Nowadays, CNN plays an important role in the field of deep learning of images. The convolution kernel is locally sensitive to the input space and can distinguish between displacement, scaling, and other forms of distortion of the image object and content, thereby better mining the strong local spatial correlation in the image.

However, for our correlation coefficient matrix, there is no correlation between positions in the matrix, as shown in Figure 7. Position (I, J) represents the correlation coefficient of the Ith ROI and the Jth ROI and has no correlation with the correlation coefficients of position (K, M). However, the feature matching function of convolution can be applied well. Due to the calculation of the two-dimensional convolution, the closer the feature of the matching image is to the convolution kernel, the higher the calculation result will be. At the same time, through continuous training, each convolution kernel is also a more approximate matching feature as shown in Figure 8. Therefore, in order to match ROI with important characteristics in the coefficient matrix, large convolution kernel of the same size as the matrix can be used to achieve matching. In this way, we can not only classify the data but also get those ROIs that contribute more to the classification results and explore significantly different ROI positions between depressed and normal people.

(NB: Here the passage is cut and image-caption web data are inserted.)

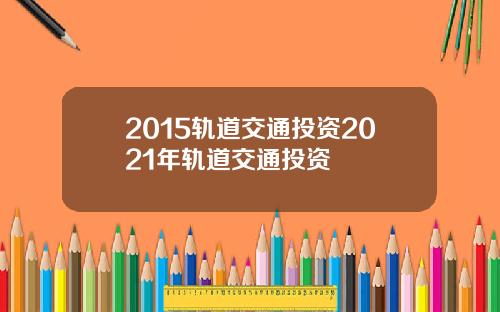 2015轨道交通投资2021年轨道交通投资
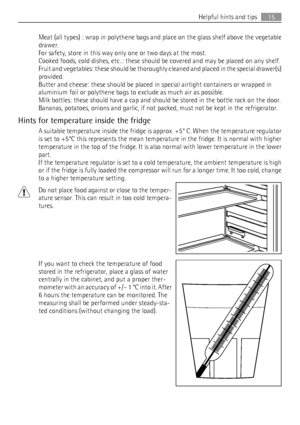 Page 15Meat (all types) : wrap in polythene bags and place on the glass shelf above the vegetable
drawer.
For safety, store in this way only one or two days at the most.
Cooked foods, cold dishes, etc..: these should be covered and may be placed on any shelf.
Fruit and vegetables: these should be thoroughly cleaned and placed in the special drawer(s)
provided.
Butter and cheese: these should be placed in special airtight containers or wrapped in
aluminium foil or polythene bags to exclude as much air as...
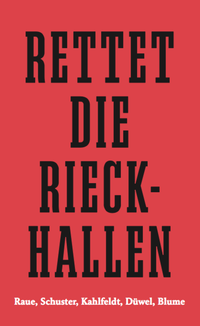 Enlarge image Cover: Rettet die Rieckhallen - König, Walther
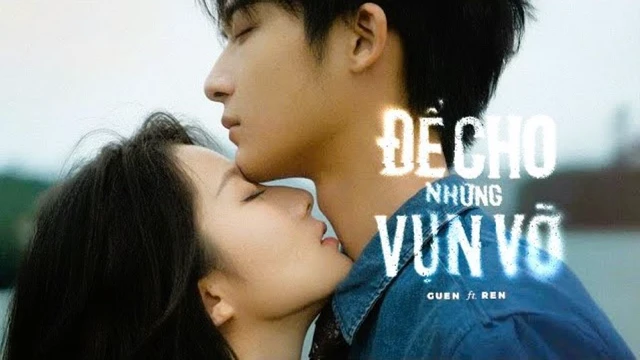 Để cho những vụn vỡ - Guen, ren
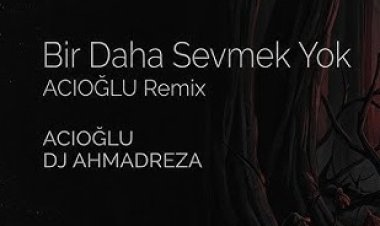 Bir Daha Sevmek Yok şarkı sözleri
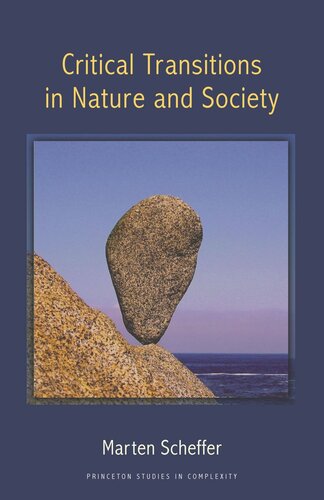 Critical Transitions In Nature And Society Marten Scheffer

In 2014, the GoogleNet [31, 39] network won the 2014 ImageNet champion. Because of the efficient Inception network structure, it has a deeper network structure but high computational efficiency. Drawing on the idea of net in net, these filters have different feeling fields and achieve high classification accuracy.

The basic structure of the inception module is shown in Figure 8(a). This module can be used not only in the network structure of CNN but also in multilayer perceptions to achieve the same effect. The convolution modules with different sizes and dimensions can be replaced by perceptron modules with different widths and depths to realize DNN in the common deep learning network, as shown in Figure 9(b).

(a)

(b)

In this paper, drawing on the Inception structure of DNN form and the idea of residual networks (ResNet) [40], we proposed a deep learning network with multibranch and local residual feedback for task-state fMRI data, as shown in Figure 10. This network has 17 layers, and the total number of parameters is 114159902. The network adopts ReLU as activation function and cross entropy as loss function to train the network. The model also prevents overfitting by Dropout with 0.5 rate and L2 regularization.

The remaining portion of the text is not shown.